Please restate word for word all lines from the one containing "All Categories Coach" to the final line of the entries, and include no pictures.
══ Given data
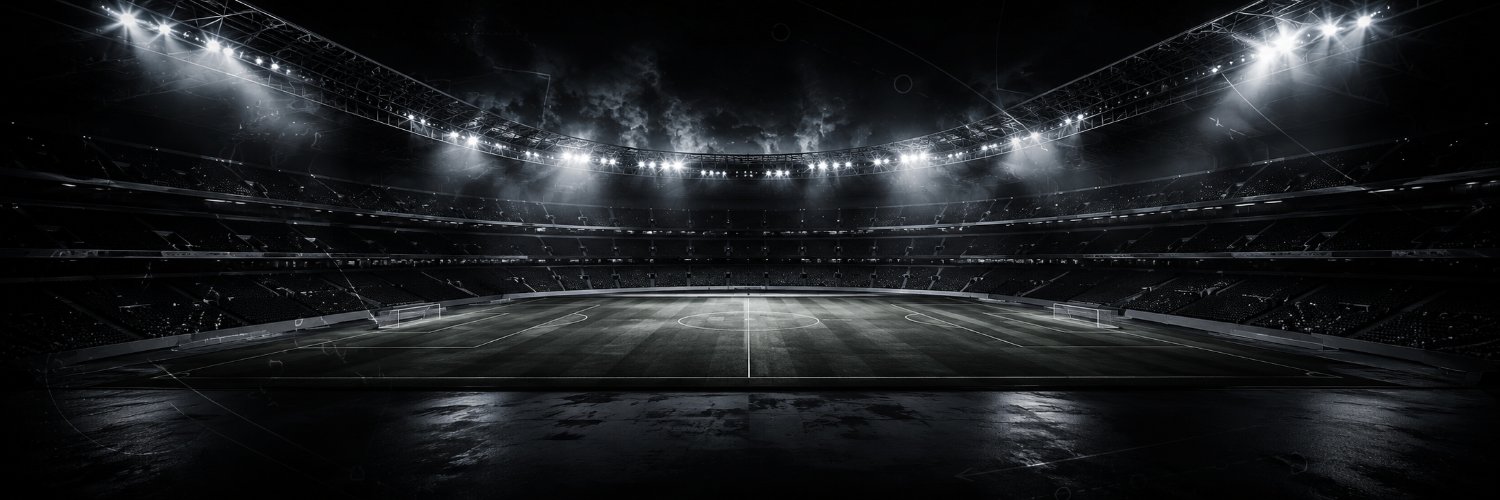 BallPlugHQ's profile banner image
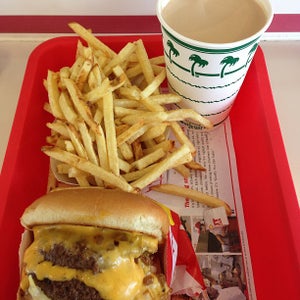 The 11 Best Places for Cheeseburgers in Santa Ana
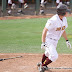 ASU%2520Baseball-040720120168.JPG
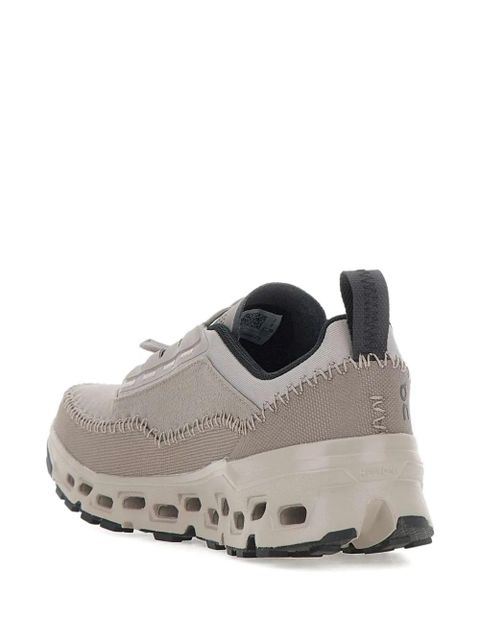On Running Cloudaway 2 sneakers - Grey
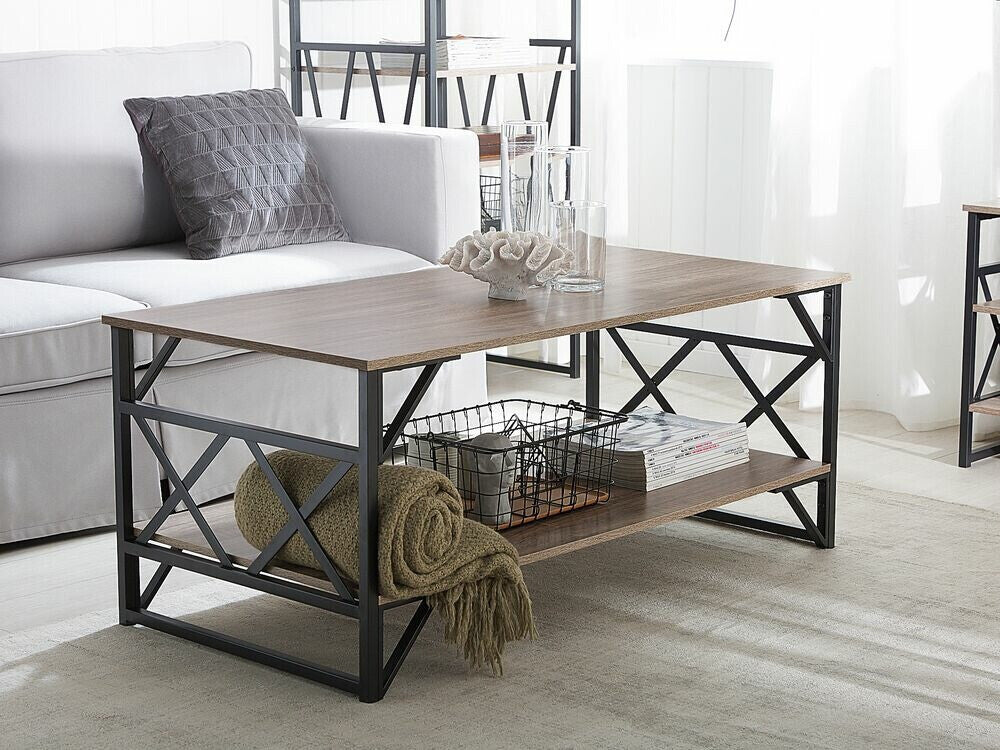 Žurnalinis staliukas 518755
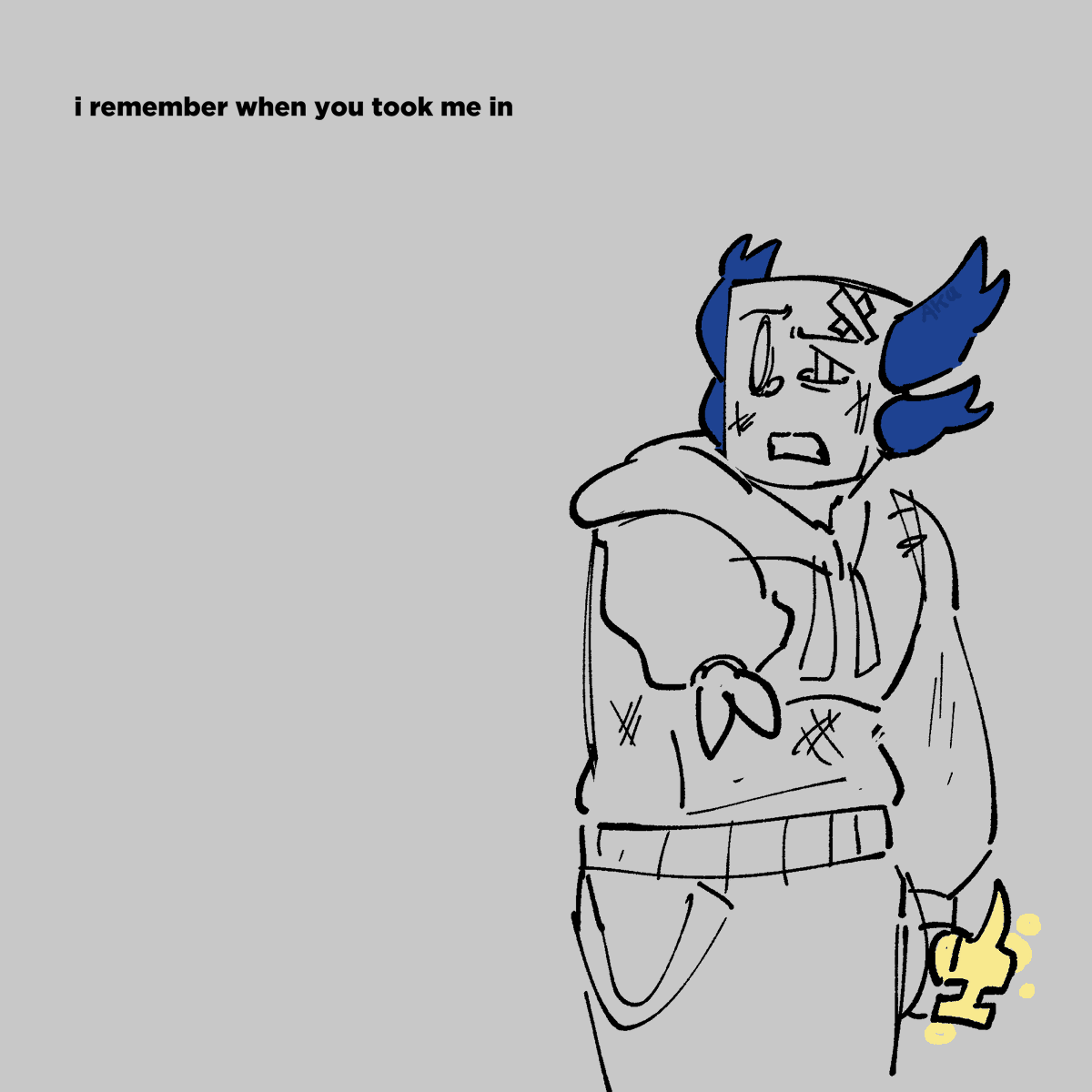 a message to my father 🧵(1/12) #phighting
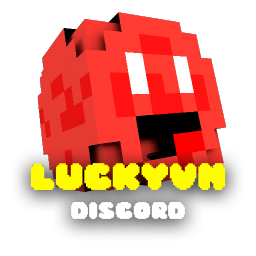 Discovery icon for LUCKYVN NETWORK OFFICAL DISCORD Discord server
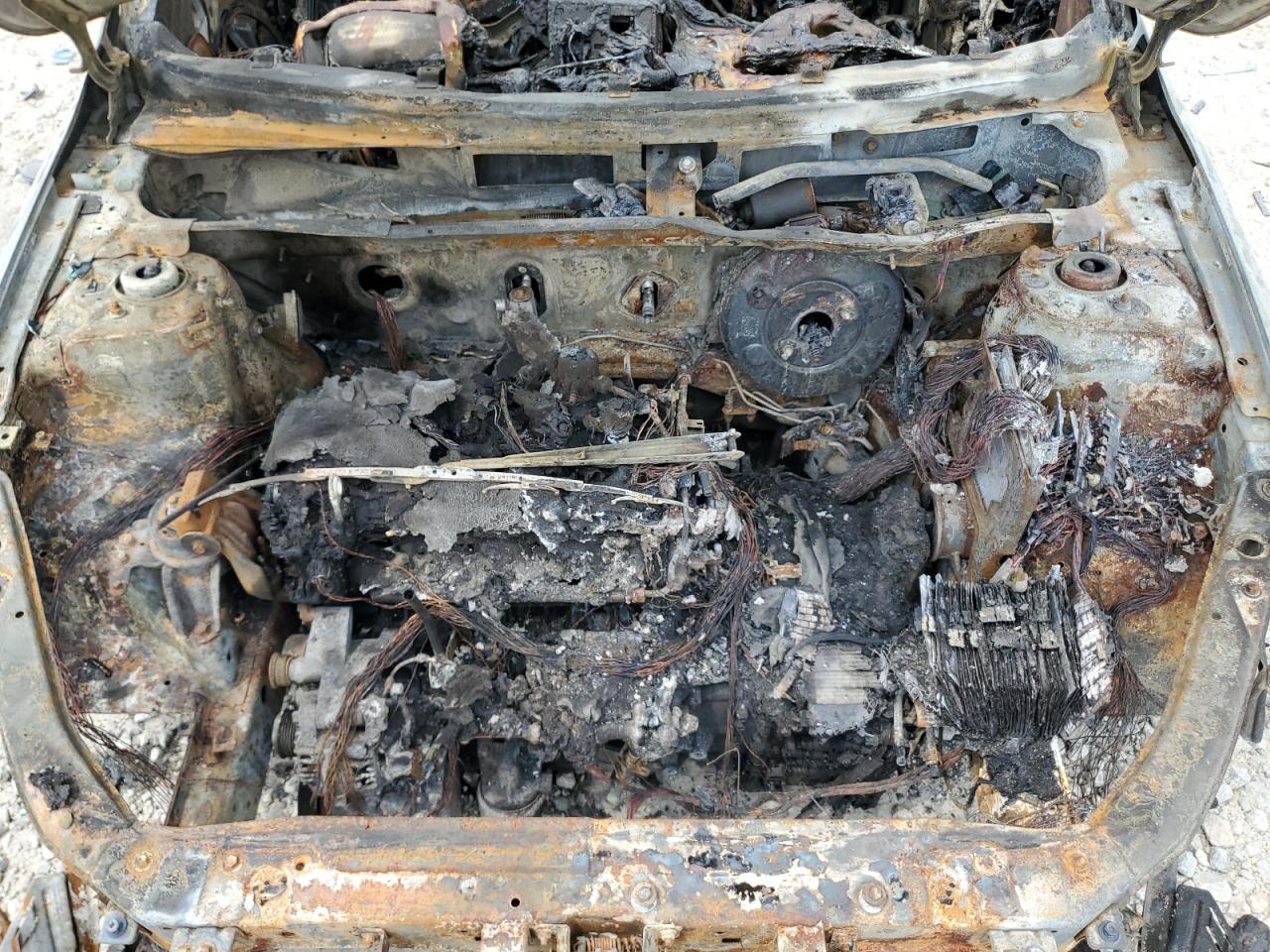 2013 Kia Optima Ex VIN: 5XXGN4A7XDG185245 Lot: 63849884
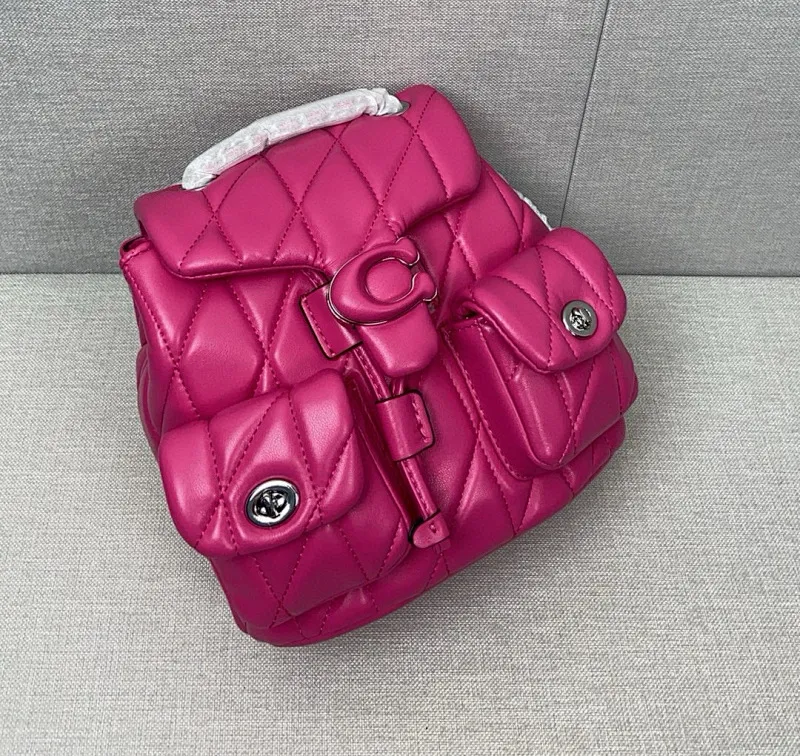 All Categories Coach Women's Bags (COACH) Coach CU077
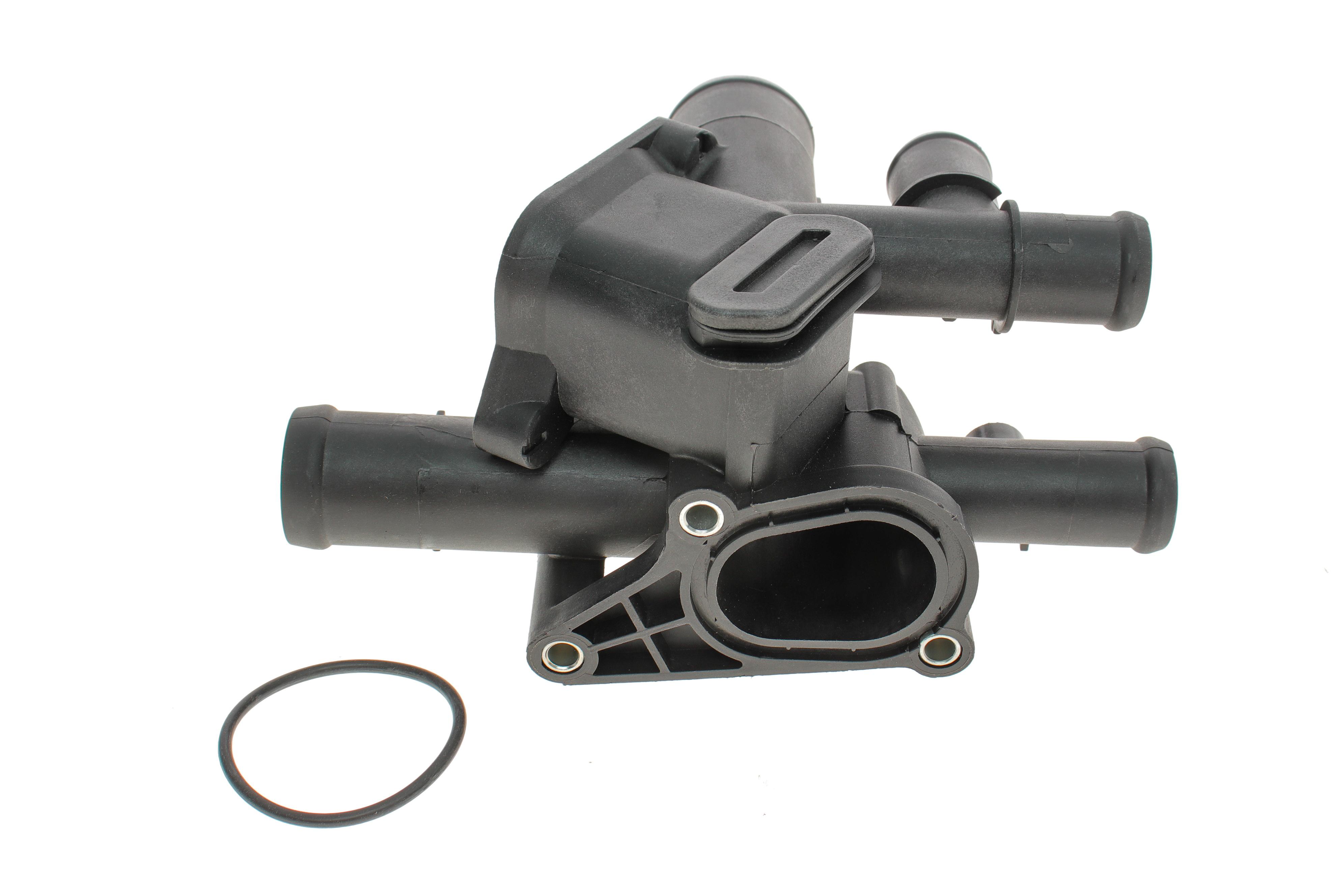 Термостат VW Passat 1.6 FSI 05-08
════
Result below:
 All Categories Coach Women's Bags (COACH) Coach CU077
 Термостат VW Passat 1.6 FSI 05-08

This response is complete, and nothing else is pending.